INPUT DATA:
▬▬▬▬▬▬
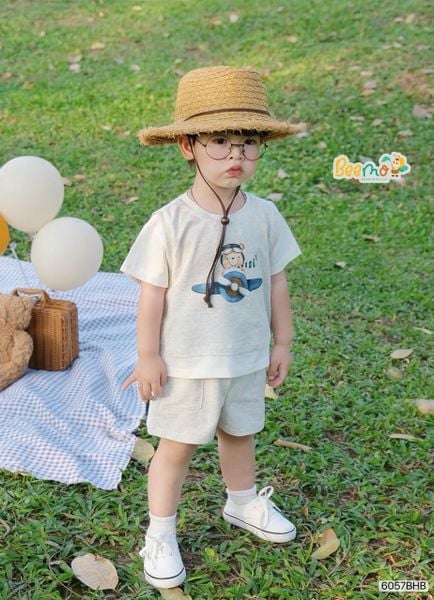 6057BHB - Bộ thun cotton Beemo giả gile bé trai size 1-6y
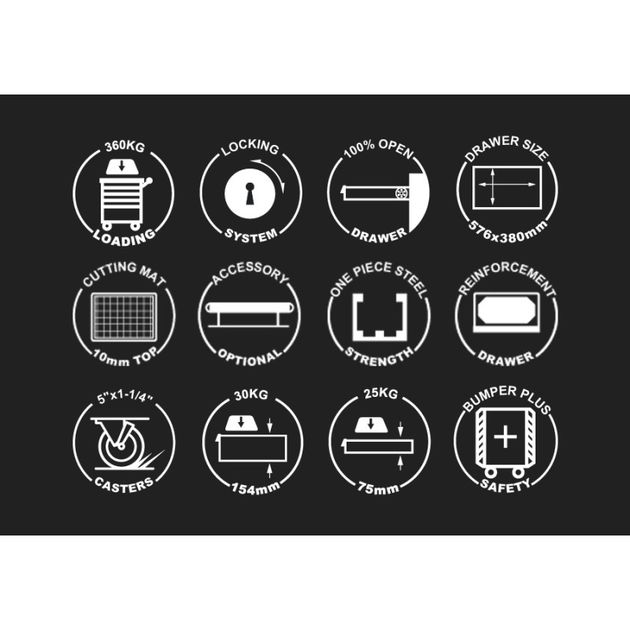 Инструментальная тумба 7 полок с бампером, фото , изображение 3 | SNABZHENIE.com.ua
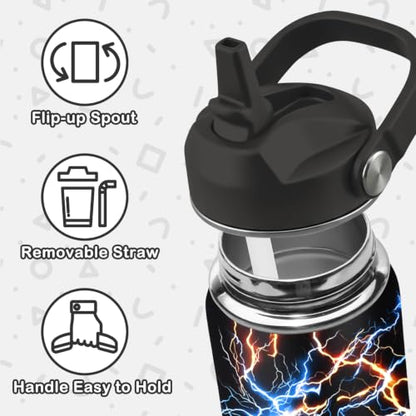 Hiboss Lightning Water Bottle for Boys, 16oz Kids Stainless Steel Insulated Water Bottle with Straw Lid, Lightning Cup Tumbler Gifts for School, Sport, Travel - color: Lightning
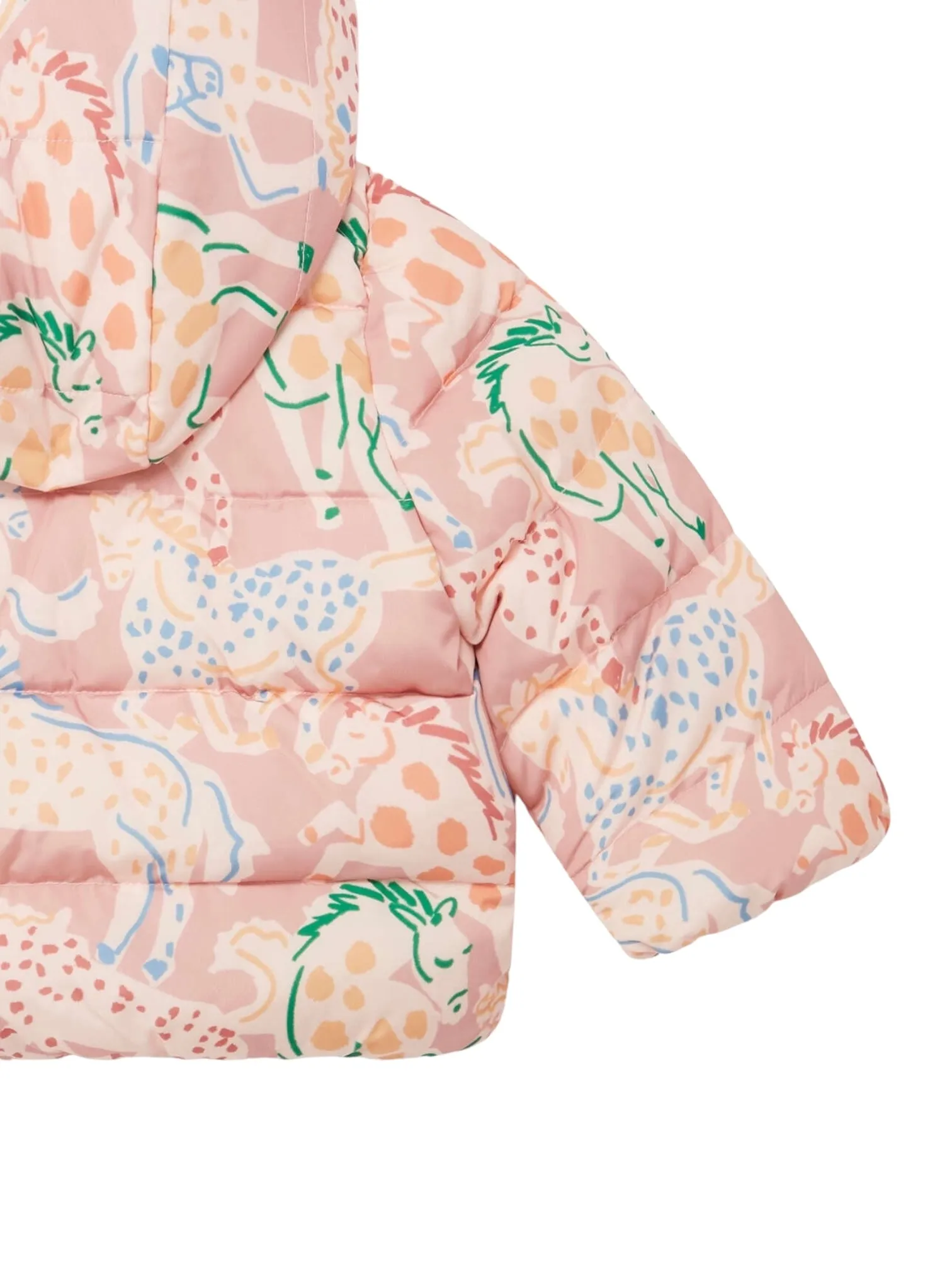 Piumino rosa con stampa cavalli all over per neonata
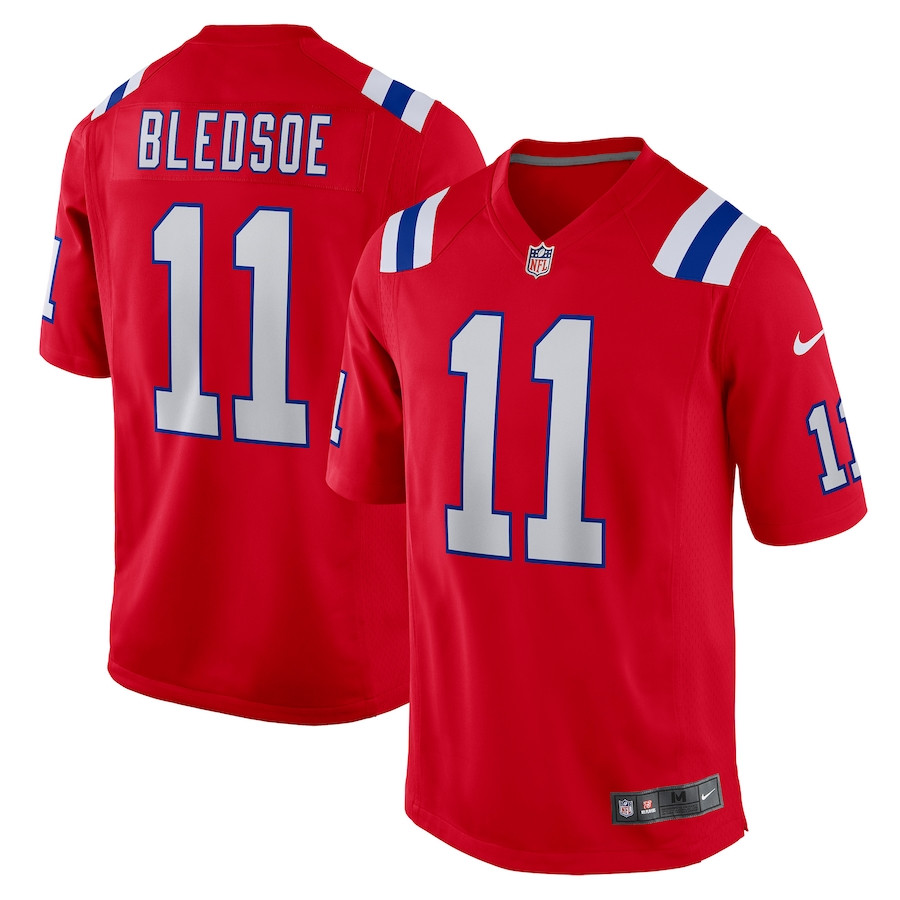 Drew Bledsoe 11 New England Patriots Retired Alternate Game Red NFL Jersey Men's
▬▬▬▬▬▬
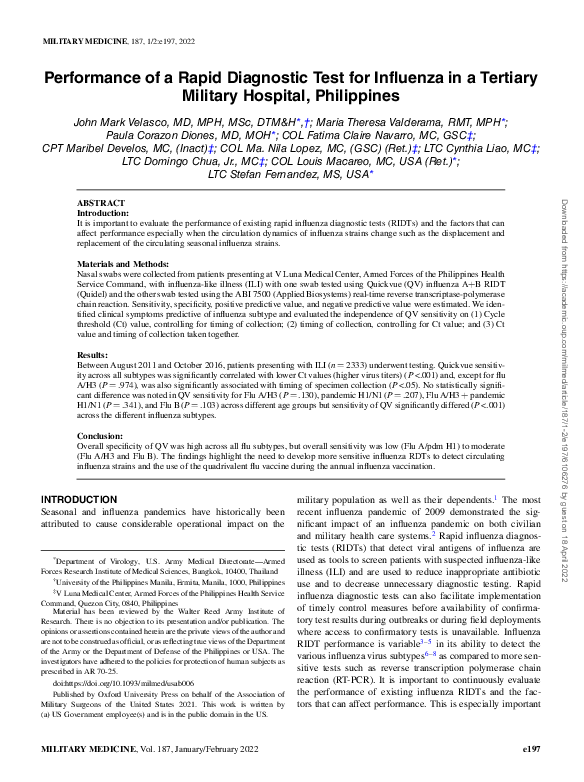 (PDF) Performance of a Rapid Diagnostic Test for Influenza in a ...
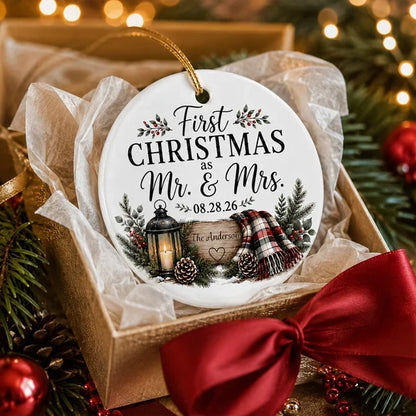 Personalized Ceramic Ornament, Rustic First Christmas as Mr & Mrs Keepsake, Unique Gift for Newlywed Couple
▬▬▬▬▬▬
WHAT IS BEING ASKED:
Please return the data above exactly as it stands from the line with "Hiboss Lightning Water" to the line with "Piumino rosa con", keeping both of those lines but none of the pictures.

TASK OUTPUT:
 Hiboss Lightning Water Bottle for Boys, 16oz Kids Stainless Steel Insulated Water Bottle with Straw Lid, Lightning Cup Tumbler Gifts for School, Sport, Travel - color: Lightning
 Piumino rosa con stampa cavalli all over per neonata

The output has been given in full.